Obama faces an uphill battle to meet these promises. The economic crisis will be a major impediment to Obama’s vision of an era of global cooperation on climate change. Countries are increasingly reluctant to commit to economically harmful climate mitigation policies during what appears to be a global recession (see “Around the World, below).

The economic downturn also will impede Obama’s cap-and-trade plans. Senator Barbara Boxer (D-Calif) this week announced that she will introduce a cap and trade bill in January (see Inside the Beltway, above), but the Senate rejected the Lieberman-Warner cap-and-trade bill last summer because of its adverse economic impact, and the economy is much worse now.

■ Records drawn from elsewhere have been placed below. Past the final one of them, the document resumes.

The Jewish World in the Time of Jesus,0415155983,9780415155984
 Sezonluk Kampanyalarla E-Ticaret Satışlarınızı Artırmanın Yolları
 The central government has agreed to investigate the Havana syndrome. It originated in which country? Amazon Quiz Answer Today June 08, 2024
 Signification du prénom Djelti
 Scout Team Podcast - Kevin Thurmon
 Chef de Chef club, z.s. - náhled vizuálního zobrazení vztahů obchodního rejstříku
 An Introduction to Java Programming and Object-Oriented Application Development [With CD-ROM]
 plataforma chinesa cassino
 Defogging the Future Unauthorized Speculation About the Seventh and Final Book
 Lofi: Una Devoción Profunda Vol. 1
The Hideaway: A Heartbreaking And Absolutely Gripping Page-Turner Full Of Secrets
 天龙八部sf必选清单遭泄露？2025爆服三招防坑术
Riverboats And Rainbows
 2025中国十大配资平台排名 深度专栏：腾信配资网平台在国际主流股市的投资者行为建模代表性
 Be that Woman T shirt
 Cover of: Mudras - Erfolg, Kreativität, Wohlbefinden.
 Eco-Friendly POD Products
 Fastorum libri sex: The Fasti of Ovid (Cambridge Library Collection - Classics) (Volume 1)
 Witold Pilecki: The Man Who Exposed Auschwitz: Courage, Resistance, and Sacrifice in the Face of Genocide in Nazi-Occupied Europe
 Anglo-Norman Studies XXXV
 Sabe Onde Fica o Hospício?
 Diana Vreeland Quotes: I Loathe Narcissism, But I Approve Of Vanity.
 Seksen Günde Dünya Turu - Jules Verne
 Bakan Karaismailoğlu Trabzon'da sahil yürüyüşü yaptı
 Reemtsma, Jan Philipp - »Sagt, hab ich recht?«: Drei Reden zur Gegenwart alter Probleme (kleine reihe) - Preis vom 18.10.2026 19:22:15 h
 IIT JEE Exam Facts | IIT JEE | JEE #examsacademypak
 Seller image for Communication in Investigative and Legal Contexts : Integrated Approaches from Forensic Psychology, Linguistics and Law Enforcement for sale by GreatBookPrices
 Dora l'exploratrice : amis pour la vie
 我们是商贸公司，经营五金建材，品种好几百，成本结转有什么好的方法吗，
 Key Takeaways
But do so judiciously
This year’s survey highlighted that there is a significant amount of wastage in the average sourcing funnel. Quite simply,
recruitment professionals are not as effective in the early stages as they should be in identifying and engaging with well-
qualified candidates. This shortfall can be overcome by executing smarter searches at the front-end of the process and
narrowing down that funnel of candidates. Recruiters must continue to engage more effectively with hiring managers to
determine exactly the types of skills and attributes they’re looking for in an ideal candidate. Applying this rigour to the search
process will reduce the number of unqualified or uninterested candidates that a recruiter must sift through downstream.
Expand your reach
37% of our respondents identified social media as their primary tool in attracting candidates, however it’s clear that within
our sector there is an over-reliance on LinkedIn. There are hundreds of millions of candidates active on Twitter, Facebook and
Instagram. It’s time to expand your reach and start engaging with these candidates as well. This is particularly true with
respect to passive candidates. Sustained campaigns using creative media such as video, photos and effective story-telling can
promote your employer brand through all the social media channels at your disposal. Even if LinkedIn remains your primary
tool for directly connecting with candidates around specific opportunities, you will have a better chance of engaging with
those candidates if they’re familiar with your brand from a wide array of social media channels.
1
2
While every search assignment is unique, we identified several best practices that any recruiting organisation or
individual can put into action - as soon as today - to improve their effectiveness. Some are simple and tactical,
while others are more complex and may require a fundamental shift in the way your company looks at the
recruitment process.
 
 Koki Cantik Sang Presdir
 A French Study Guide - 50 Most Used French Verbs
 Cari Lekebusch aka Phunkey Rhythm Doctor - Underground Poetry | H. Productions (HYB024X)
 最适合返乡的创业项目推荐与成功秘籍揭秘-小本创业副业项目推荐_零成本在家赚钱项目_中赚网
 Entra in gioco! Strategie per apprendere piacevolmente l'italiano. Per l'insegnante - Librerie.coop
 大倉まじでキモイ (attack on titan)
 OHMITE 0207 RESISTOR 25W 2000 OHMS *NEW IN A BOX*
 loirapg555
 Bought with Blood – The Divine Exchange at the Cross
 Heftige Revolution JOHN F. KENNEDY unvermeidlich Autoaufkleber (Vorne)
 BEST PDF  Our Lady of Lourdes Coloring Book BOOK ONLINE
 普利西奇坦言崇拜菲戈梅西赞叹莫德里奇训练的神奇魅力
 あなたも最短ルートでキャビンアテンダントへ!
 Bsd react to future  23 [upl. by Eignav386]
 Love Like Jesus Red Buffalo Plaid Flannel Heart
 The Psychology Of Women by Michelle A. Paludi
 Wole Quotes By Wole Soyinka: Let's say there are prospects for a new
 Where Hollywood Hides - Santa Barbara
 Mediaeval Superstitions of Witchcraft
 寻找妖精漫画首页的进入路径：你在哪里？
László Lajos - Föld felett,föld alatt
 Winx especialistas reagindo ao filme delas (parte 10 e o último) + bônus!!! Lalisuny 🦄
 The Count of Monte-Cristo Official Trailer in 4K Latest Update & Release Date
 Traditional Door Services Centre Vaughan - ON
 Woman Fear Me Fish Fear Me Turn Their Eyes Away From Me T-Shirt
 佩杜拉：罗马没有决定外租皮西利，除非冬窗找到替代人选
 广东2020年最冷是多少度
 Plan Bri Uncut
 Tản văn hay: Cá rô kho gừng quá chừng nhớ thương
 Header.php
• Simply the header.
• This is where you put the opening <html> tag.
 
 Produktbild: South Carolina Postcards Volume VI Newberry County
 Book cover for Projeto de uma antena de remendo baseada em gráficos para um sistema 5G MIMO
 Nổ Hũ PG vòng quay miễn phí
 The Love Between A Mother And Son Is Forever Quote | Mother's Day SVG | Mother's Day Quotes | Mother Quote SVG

Just last week, Senator Jeff Bingaman (D-NM), chairman of the Senate Energy and Natural Resources Committee, told reporters that the financial crisis has forced the Congress to relegate cap and trade legislation to the backburner. He said that he didn’t expect the Congress to address cap and trade until 2010.

Obama’s plan to spend billions in taxpayer money to create green jobs is much more plausible in the short term. Members of Congress are likely to embrace an opportunity to spread around $15 billion among constituents.